The Devonian of Shropshire, previously known as the Old Red Sandstone, 409-363 million years ago

Imagine an enormous barren, burnt continent braided by rivers. This is what you would have seen 409 million years ago in Shropshire. Still south of the equator in the tropics, the land was drenched by rains, fuelling the rivers and their endless attempts to wear away the rocks.

Most of the rocks we find of Devonian age are red sandstones, mudstone and siltstone, typical river sediments. In fact, the continent was thought to have been so red that geologists have called it the Old Red Sandstone Continent. These river sediments built up to enormous thickness’, four kilometres thick in places. The rivers were busily wearing down the newly formed Scottish Caledonian mountain ranges created by the collision of north and south Britain. They flowed down the relatively low lying south of the country, depositing much of the debris they carried over Shropshire and the surrounding area.

The red colouration of the sandstone gives geologists an immediate clue that the rocks we find of this age were deposited on land. Most rocks contain iron. When this iron is exposed to air and water, it goes rusty, so when you see red rocks they have literally rusted over time. Rocks that have a lot of iron in them but haven’t had a long time exposed to the air and rain are usually an apple green colour, a big difference from rusty red.
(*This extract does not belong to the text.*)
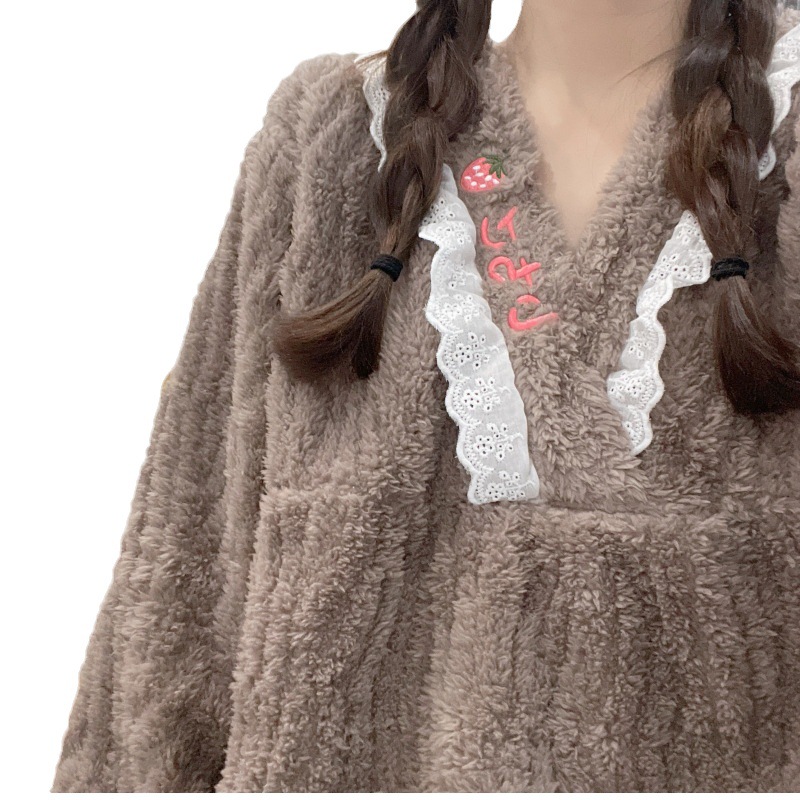 Simple felpa pijamas para niñas otoño e invierno nuevo estilo coreano ins manga larga más tamaño 200kg desgaste del hogar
While the rivers were continuing their ceaseless task of eroding the land, plants and animals began to look at this new environment as a potential home. The first plants made it on to land in the Devonian, simple plants started to colonise the continent turning it from red to green. These were not plants as you or I would think of today. There were no flowers or trees only mosses, ferns and fungi. Once plants had made it onto land animals were soon to follow.

Fishes appear in these river sediments, quite different to the sleek shapes we think of today. Heavily armoured with thick tough scales and heavy plated heads the fossils of these prehistoric fish can be found in the Devonian rocks of Shropshire. Their modern day relatives, the Coelacanths (pronounced see-lo-kanth) were thought to have been extinct, but examples are still occasionally found in the nets of deep-sea fishermen. These fish have thick fleshy fins, an adaptation that would make the transition from water to land much easier. During the Devonian, the first amphibians decided to stretch their newly found legs on dry land and stayed. These first land animals are the ancestors of all land dwelling creatures found today.

This huge continent, created by the collision of three smaller continents continued to rumble and shift throughout the Devonian. Almost all of Britain from the far north of Scotland to the South west of England was lifted out of the sea. Eventually the rivers would erode the land down to sea level over Shropshire and again the sea would cover the land.